(CNN) - Barack Obama leads Hillary Clinton in Guam's Democratic presidential caucuses with votes from the largest of the island's 19 villages still to be counted, according to a Guam election official.
With 12 out of 19 villages reporting, Obama has 899 votes (53.9 percent) compared to 769 votes (46.1 percent) for Clinton.
The presidential candidates are battling for Guam's four pledged delegate votes. A total of eight delegates will be elected, each with half a vote at the Democratic National Convention in Denver this summer.
Also on the ballot Saturday was the race for chairman and vice chairman of the U.S. territory's Democratic party. The winners of that race will serve as superdelegates. According to the election official, the slate of Pilar Lujan and Jaime Paulino currently leads the slate of Joseph Artero Cameron and Arlen Bordallo. Lujan remains uncommitted in the race for president while running-mate Paulino has endorsed Obama. Both Cameron and Bordallo have endorsed Clinton. Incumbent chairman Tony Charfauros and running-mate Mary Ann Cabrera are currently in third place. Neither has endorsed a presidential candidate.

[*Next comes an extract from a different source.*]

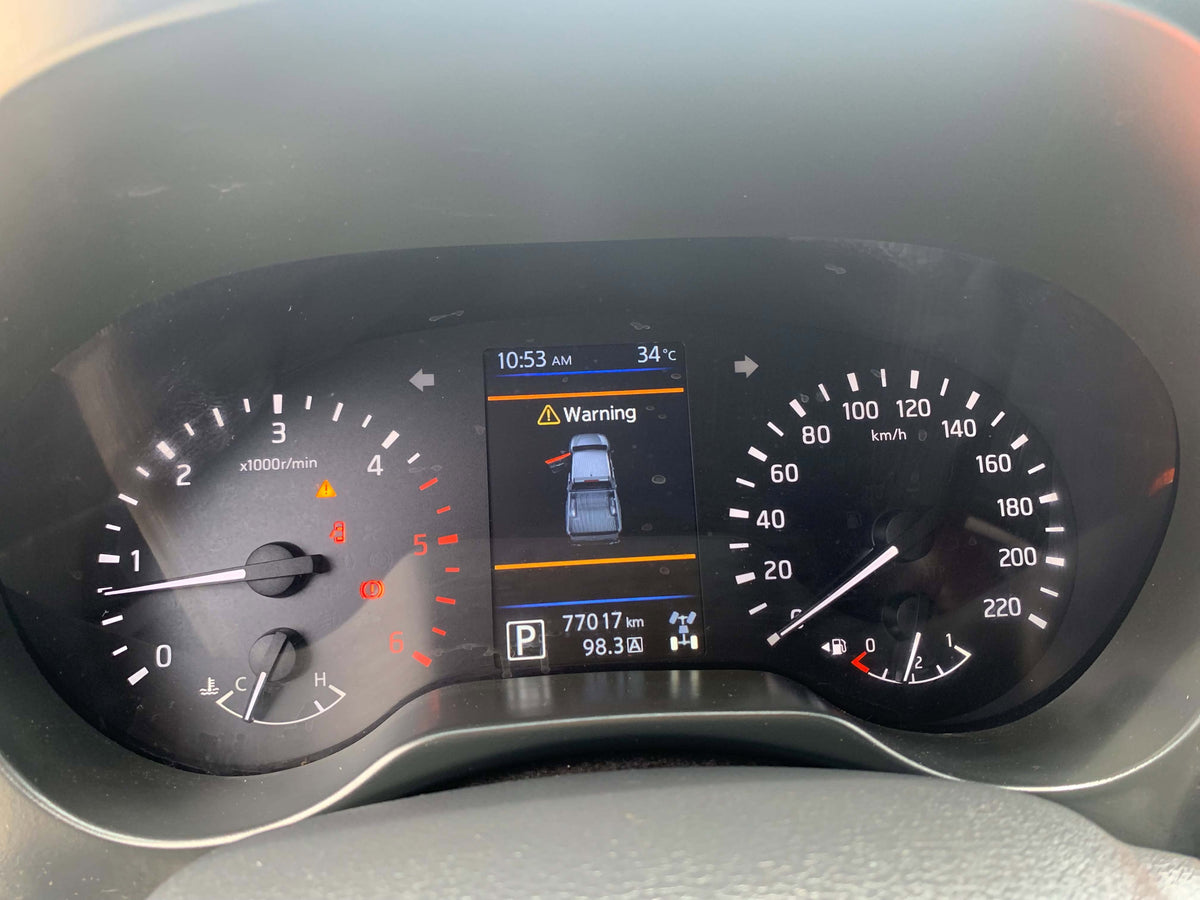2019 NISSAN NAVARA VL 2.5L 4X4 AUTOMATIC TRANSMISSION Gold Aces Car Display Center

Although called “caucuses,” Saturday’s event in Guam functions more like a party-run primary. Voters cast secret ballots in polling places, as opposed to publicly aligning themselves in presidential candidate preference groups which occurs in more traditional caucuses, such as in Iowa and Nevada.
Polls closed in Guam at 6am eastern time, and vote-counting is expected to continue well into the afternoon. Guam is 14 hours ahead of eastern time.